Anyways, I wandered around eating for a while and exploring Tek Junction, the nearby market. It's very different walking around by yourself. I think I like it a little bit more. There's a sense of vulnerability, kinda. You're floating around, visually identifiable as an outsider, and you don't speak the language. But you always have to put yourself out there a little bit to experience anything exciting. And people stare at you less when it's just you, which makes me feel like I belong a little bit more.
On the way back I bumped into Amy and the gang, who were going back to the Stone Foundry in Suame Magazine. I'd been to the foundry before, for our Build-Its (the technology-based design workshops we had in the first week), but the Zambian contingent didn't make it in time. They were doing lost-styrofoam casting, which is kind of like lost-wax casting. In fact, it's only different from lost-wax casting in one aspect. We got a little lost on the way there, but Stone rolled up on his motorcycle to lead the way. (His name is probably not actually Stone.) He let me ride on the back, which I was unabashedly excited about. Also, his spedometer was doing that thing where it just whips around clockwise and makes you feel like you're in a cartoon police chase.
Casting was pretty cool, as usual. I enjoy the sand method for a couple of reasons: the meticulous aspect of the pounding (to compress the sand), the kind of fabrication considerations that remind me of the gigantic CNC machine I worked with last summer, and maybe just the amazement at how low-tech the foundry is. The electricity wasn't going too well, though, which prevented us from using the fan for the furnace, so we left the molds in Stone's able hands and went back to the hostel, just in time to be way too early for the tailor that someone wise organized to come around and take measurements and make some sweet threads for people.
The rest of the day for me was spent mostly lounging, with a brief meta-break to play some cricket. I still don't know the rules, but Sumit gave me a high-five, so I think I'm probably awesome.
Tuesday, July 21, 2009
Zzz.
Hey all.
I've been feeling a little sick for a while, which is no fun. A nasty cold is making its way through IDDS. At least it's not malaria, probably. I thought I'd capitalize on my insomnia by talking about the team's latest village visit and our current plans.
Over the weekend the rice de-stoning team and Sule, one of the organizers, headed up north to check out the rice production up there. Our previous visits to Adumkrom, Kyekyewere and Mangwasi were helpful for getting a feel for local manufacturing capabilities and economics, but not too many people were actually farming or eating rice.
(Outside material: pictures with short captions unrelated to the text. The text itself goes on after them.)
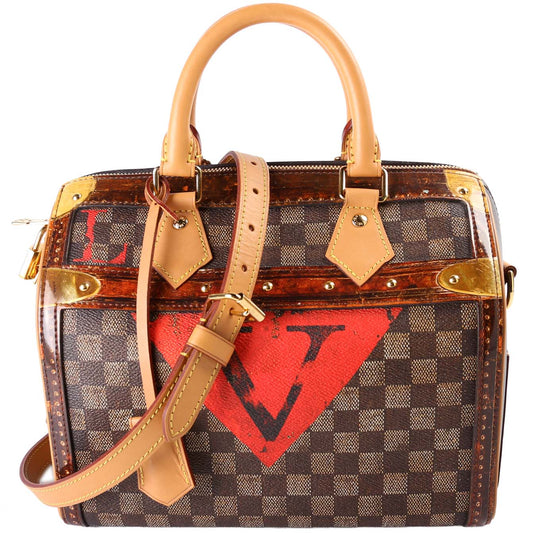 Louis Vuitton Speedy 25 Bandouliere Time Trunk Ebene Damier Handbag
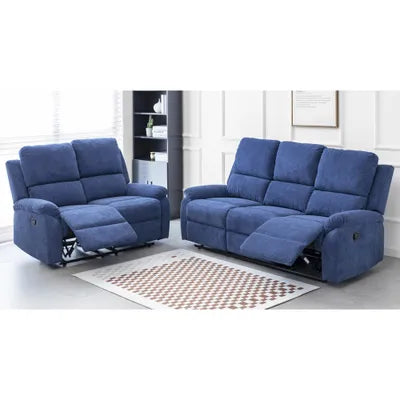 Amal Blue Fabric 3+2 Recliner Sofa Set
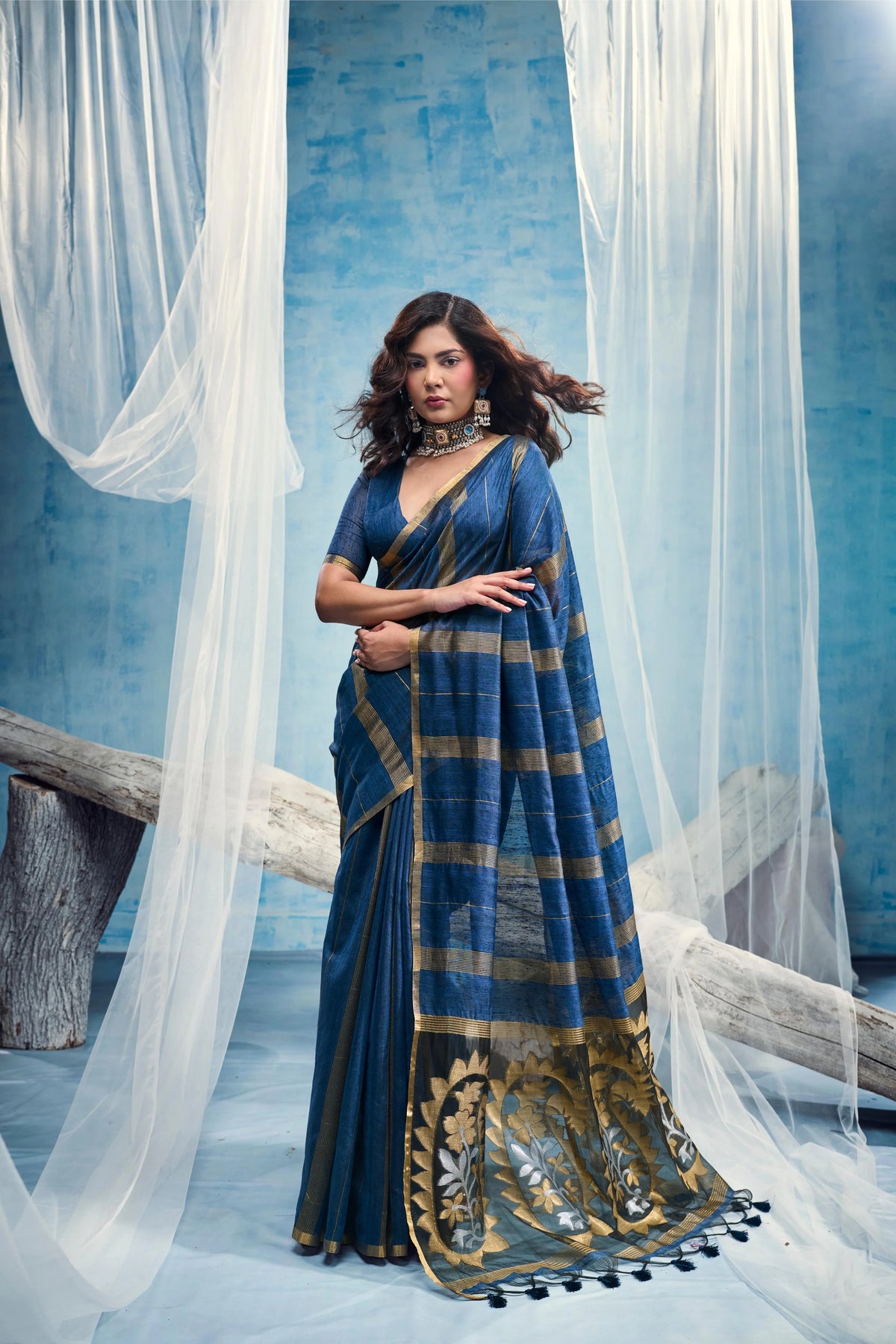 Munga Cotton Blue Casual Wear Handloom Weaving Sarees
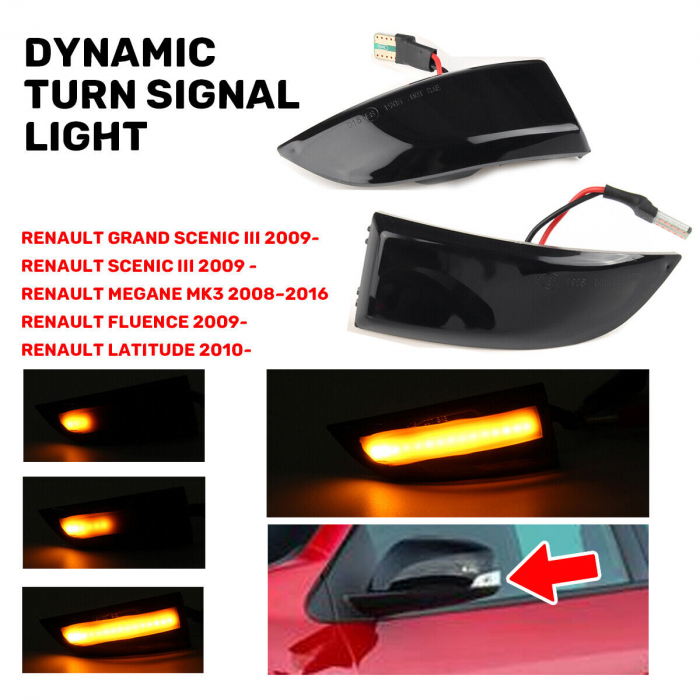 Set Lampi semnalizare oglinda dinamica Compatibila: Renault Megane , Scenic , Fluence [1]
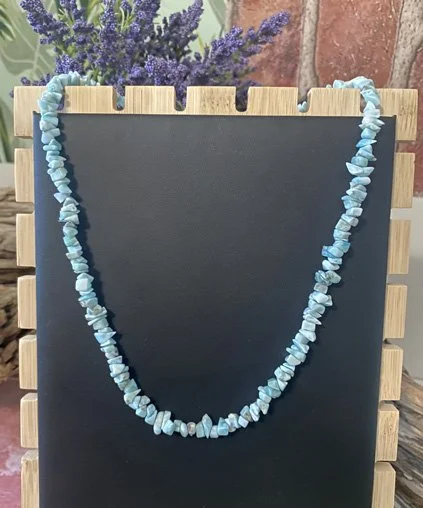Larimar necklace, Boho jewelry, ocean gemstone, handcrafted jewelry, blue gemstone pendant, Caribbean gemstone, organic necklace, sustainable jewelry, nature-inspired jewelry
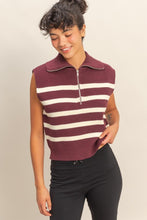 Load image into Gallery viewer, Maroon/White Striped Slvls Zipper Top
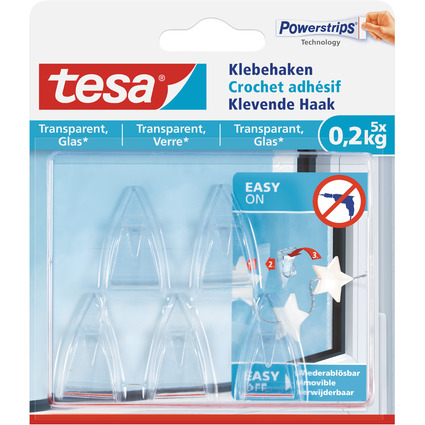 <small>tesa Powerstrips Klebehaken für Glas transparent (77734-00000-00)</small>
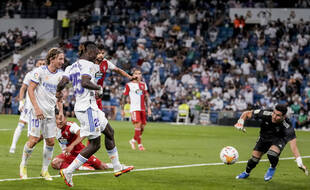 Eduardo Camavinga a inscrit un but pour ses grands débuts avec le Real Madrid, contre le Celta Vigo, le 12 septembre 2021.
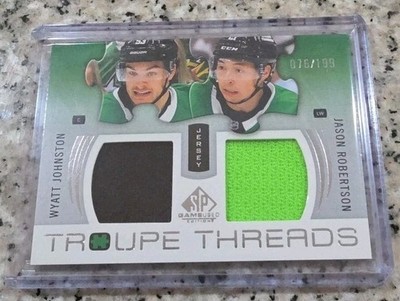 WYATT JOHNSTON JASON ROBERTSON 2025-26 SP GAME USED TROUPE THREADS DUAL...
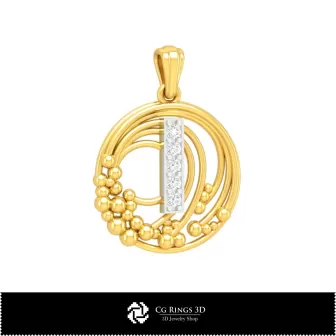 Pendentif 3D avec lettre I Maison, Bijoux CAO 3D, Pendentifs CAO 3D, Bijoux vintage CAO 3D, Pendentifs lettre 3D, Pendentifs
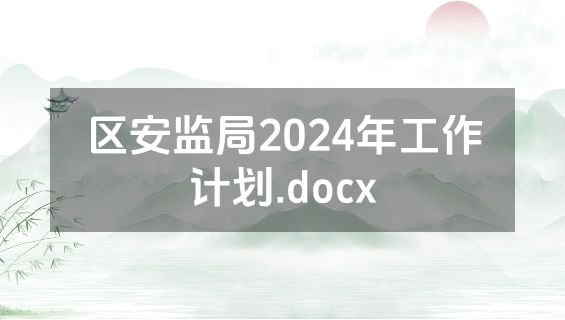 区安监局2024年工作计划.docx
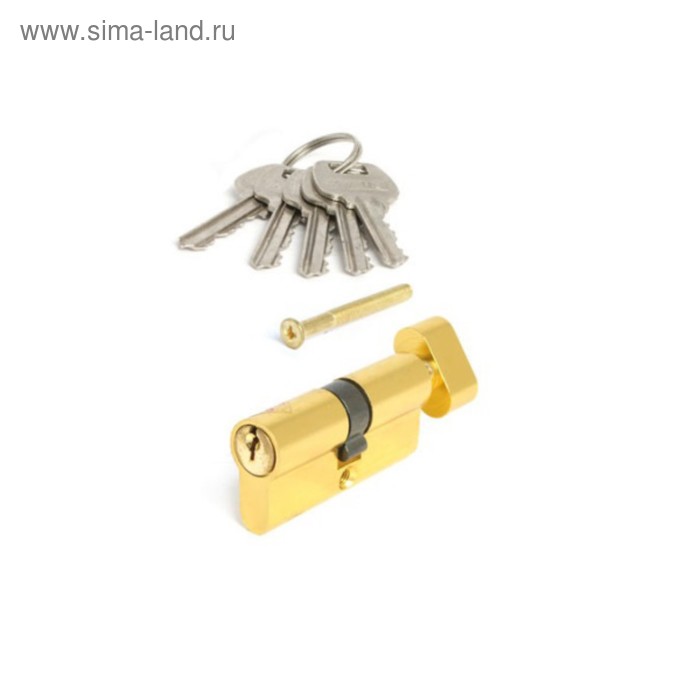 фото Цилиндровый механизм avers ll-60-c-g, 28.5 мм, англ. ключ-вертушка, 5 ключей, цвет золото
Sule, however, comes from the Northern Region, and knew about some of the rice production or processing that goes on up there, so for us the choice of where to go for our second village visit was a no-brainer. We piled into the van for a ten-hour drive.
The drive itself was actually pretty fascinating. I kept on drifting in and out of sleep, but every time I woke up the landscape was slightly different. Vegetation got less dense, and forests turned to plains. The architecture changed from earthy red houses of wood and mud-brick to the muted brown walls of hut compounds. By the time we reached Bolga, I felt as though we were in a different country. We arrived pretty late, found a guest house, and turned in. In retrospect, I slept an impressive amount that day.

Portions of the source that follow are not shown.